About this exercise
One line in the listing below contains "You can download". Repeat that line and each line after it exactly, ending with the last one.

==========

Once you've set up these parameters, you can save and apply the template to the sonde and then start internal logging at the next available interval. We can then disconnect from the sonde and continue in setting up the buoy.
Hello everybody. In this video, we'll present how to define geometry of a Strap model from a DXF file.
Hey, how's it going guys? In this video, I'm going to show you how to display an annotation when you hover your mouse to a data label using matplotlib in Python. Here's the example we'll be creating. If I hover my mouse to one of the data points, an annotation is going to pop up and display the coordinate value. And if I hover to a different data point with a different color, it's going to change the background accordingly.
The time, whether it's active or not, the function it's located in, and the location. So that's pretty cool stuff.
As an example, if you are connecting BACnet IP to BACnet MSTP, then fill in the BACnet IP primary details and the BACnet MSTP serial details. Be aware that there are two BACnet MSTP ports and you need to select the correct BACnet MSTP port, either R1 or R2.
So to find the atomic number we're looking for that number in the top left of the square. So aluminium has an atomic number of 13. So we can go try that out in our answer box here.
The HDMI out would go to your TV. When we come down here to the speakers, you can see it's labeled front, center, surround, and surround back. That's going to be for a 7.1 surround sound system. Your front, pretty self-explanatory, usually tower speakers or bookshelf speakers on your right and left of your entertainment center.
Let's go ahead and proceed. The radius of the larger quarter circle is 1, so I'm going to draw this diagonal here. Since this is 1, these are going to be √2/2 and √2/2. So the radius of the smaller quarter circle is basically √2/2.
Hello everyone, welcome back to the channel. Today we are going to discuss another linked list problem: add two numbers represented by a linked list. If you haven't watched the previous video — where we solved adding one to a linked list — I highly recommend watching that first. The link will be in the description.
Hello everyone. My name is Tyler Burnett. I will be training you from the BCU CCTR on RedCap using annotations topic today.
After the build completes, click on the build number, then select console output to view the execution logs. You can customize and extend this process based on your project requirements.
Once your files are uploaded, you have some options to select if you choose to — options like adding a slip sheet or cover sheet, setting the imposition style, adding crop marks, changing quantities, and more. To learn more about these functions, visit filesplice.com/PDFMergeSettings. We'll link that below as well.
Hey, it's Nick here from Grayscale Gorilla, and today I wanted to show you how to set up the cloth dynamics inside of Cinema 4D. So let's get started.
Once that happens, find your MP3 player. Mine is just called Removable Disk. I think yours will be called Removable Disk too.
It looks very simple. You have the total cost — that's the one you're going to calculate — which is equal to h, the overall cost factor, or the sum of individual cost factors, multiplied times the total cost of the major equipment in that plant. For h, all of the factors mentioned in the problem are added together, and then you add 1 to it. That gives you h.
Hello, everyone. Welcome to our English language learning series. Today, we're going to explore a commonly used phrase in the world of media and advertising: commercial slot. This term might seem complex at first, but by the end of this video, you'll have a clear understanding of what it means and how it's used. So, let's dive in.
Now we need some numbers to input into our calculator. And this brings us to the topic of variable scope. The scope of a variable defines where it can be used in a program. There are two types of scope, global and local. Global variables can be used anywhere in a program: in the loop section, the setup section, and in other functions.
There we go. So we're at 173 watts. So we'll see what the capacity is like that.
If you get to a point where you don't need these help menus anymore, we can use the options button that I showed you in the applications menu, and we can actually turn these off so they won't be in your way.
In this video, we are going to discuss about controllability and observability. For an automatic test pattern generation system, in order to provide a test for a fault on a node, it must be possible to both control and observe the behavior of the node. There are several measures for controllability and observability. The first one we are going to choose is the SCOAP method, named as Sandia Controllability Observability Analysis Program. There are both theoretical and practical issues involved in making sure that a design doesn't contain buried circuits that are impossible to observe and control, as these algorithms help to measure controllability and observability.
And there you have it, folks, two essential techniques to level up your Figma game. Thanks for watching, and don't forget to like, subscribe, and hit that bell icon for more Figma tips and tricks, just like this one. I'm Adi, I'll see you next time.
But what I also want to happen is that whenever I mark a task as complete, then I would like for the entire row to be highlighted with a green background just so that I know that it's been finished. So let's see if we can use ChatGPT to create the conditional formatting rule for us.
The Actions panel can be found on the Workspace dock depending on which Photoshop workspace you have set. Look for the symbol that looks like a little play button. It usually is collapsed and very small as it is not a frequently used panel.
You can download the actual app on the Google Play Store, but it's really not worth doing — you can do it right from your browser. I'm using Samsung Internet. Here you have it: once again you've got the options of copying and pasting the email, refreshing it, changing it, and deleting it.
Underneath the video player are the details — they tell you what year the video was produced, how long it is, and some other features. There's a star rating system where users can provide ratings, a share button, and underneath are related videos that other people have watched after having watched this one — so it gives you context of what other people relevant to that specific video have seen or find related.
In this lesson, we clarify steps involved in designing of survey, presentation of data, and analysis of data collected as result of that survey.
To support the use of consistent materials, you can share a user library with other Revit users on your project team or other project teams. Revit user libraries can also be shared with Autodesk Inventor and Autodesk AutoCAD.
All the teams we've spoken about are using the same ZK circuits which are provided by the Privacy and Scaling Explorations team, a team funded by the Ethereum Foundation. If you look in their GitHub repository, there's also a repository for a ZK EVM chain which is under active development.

==========

Response box
You can download the actual app on the Google Play Store, but it's really not worth doing — you can do it right from your browser. I'm using Samsung Internet. Here you have it: once again you've got the options of copying and pasting the email, refreshing it, changing it, and deleting it.
Underneath the video player are the details — they tell you what year the video was produced, how long it is, and some other features. There's a star rating system where users can provide ratings, a share button, and underneath are related videos that other people have watched after having watched this one — so it gives you context of what other people relevant to that specific video have seen or find related.
In this lesson, we clarify steps involved in designing of survey, presentation of data, and analysis of data collected as result of that survey.
To support the use of consistent materials, you can share a user library with other Revit users on your project team or other project teams. Revit user libraries can also be shared with Autodesk Inventor and Autodesk AutoCAD.
All the teams we've spoken about are using the same ZK circuits which are provided by the Privacy and Scaling Explorations team, a team funded by the Ethereum Foundation. If you look in their GitHub repository, there's also a repository for a ZK EVM chain which is under active development.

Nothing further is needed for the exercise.